Data for analysis:
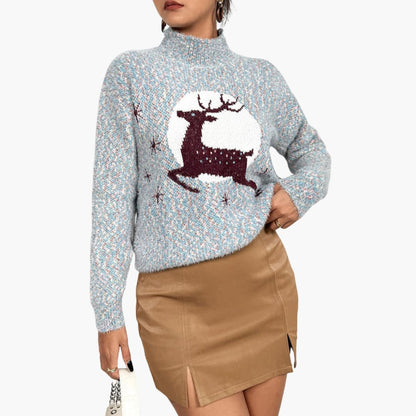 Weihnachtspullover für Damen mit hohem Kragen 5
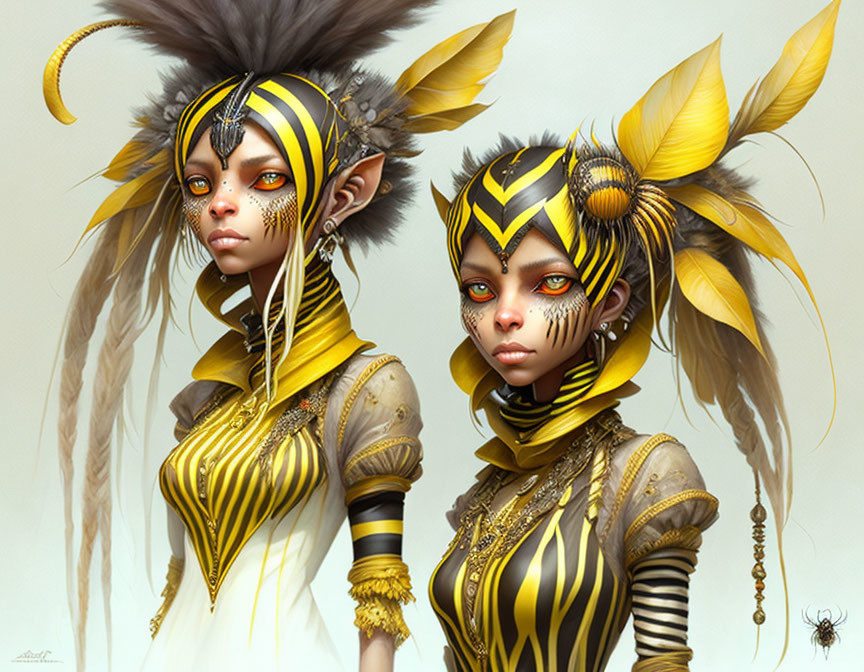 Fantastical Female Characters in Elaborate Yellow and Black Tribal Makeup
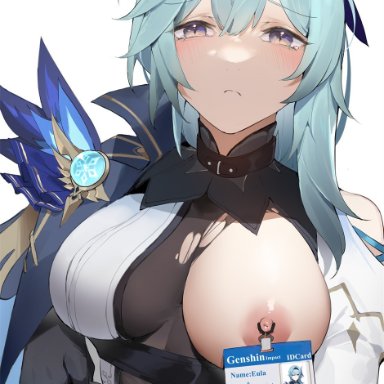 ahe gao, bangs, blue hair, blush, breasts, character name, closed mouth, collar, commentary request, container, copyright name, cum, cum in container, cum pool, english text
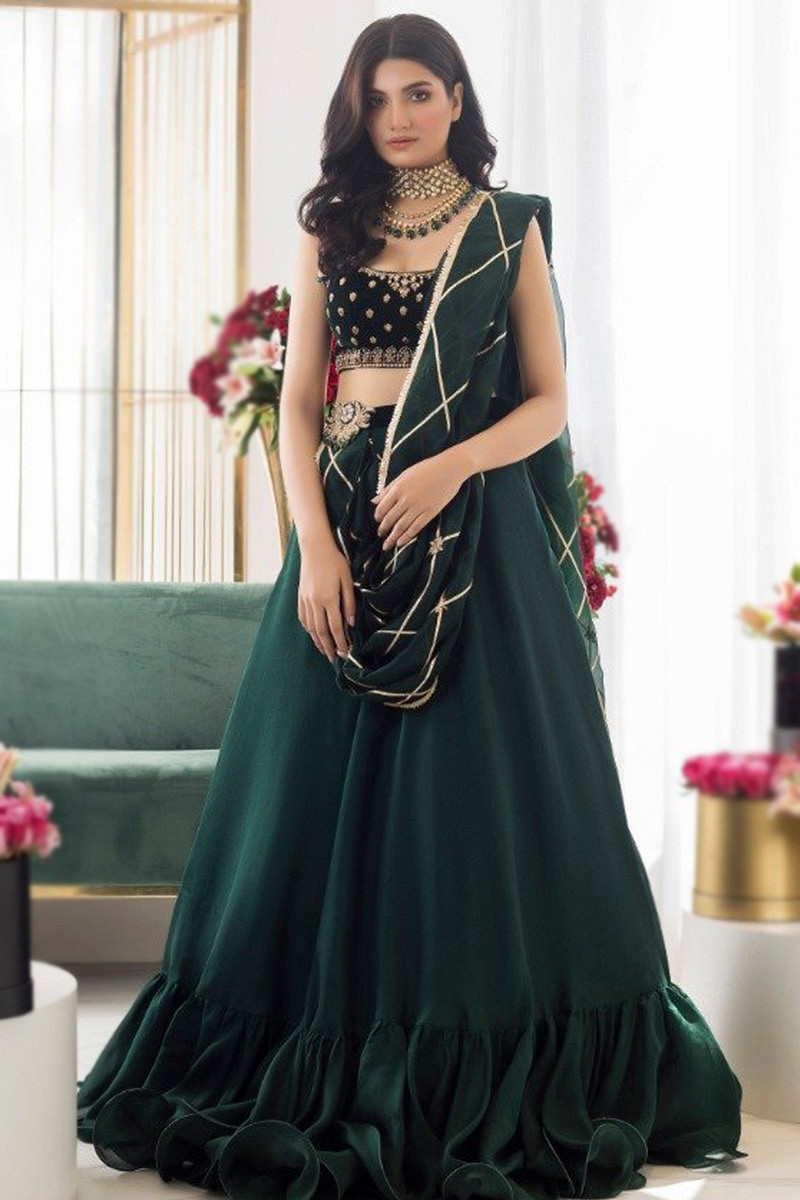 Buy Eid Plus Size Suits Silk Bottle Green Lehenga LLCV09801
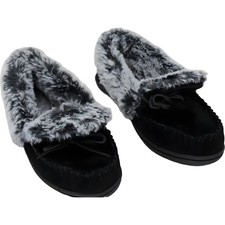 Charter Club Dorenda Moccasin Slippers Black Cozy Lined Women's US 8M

==

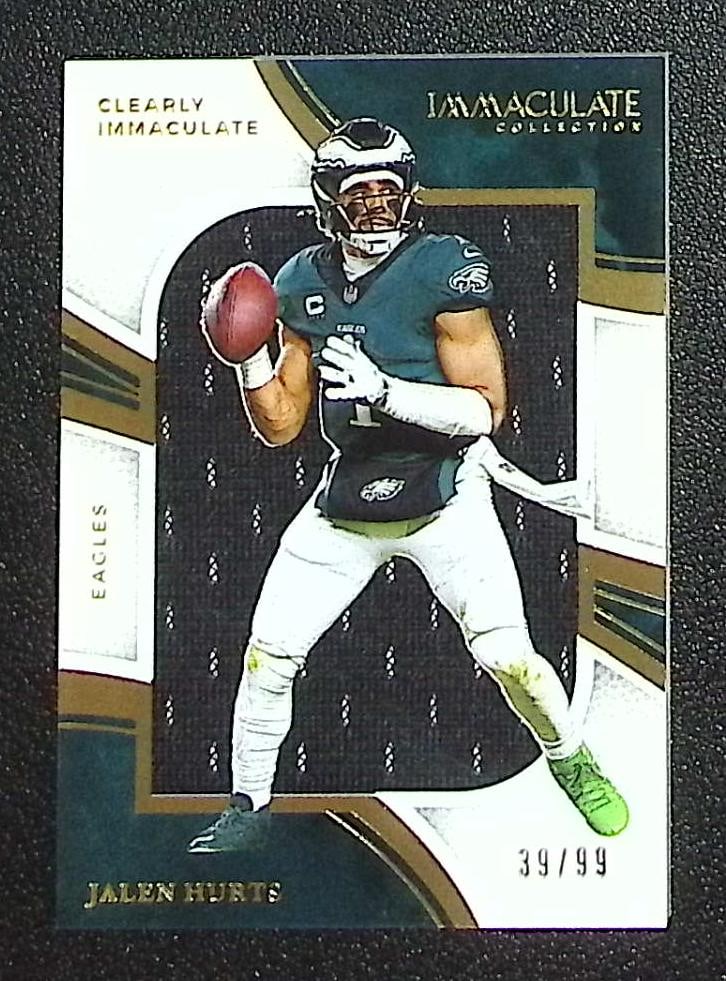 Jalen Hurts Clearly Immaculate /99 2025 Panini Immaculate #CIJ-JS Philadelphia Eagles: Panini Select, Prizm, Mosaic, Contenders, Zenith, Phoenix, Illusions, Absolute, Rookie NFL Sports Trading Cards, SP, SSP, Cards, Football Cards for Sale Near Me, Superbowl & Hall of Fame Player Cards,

Assignment: Looking at the listing above, which lines run from the one containing "Fantastical Female Characters" through the one containing "Charter Club Dorenda"? Print exactly those, ends included, pictures excluded.

Answer section:
 Fantastical Female Characters in Elaborate Yellow and Black Tribal Makeup
 ahe gao, bangs, blue hair, blush, breasts, character name, closed mouth, collar, commentary request, container, copyright name, cum, cum in container, cum pool, english text
 Buy Eid Plus Size Suits Silk Bottle Green Lehenga LLCV09801
 Charter Club Dorenda Moccasin Slippers Black Cozy Lined Women's US 8M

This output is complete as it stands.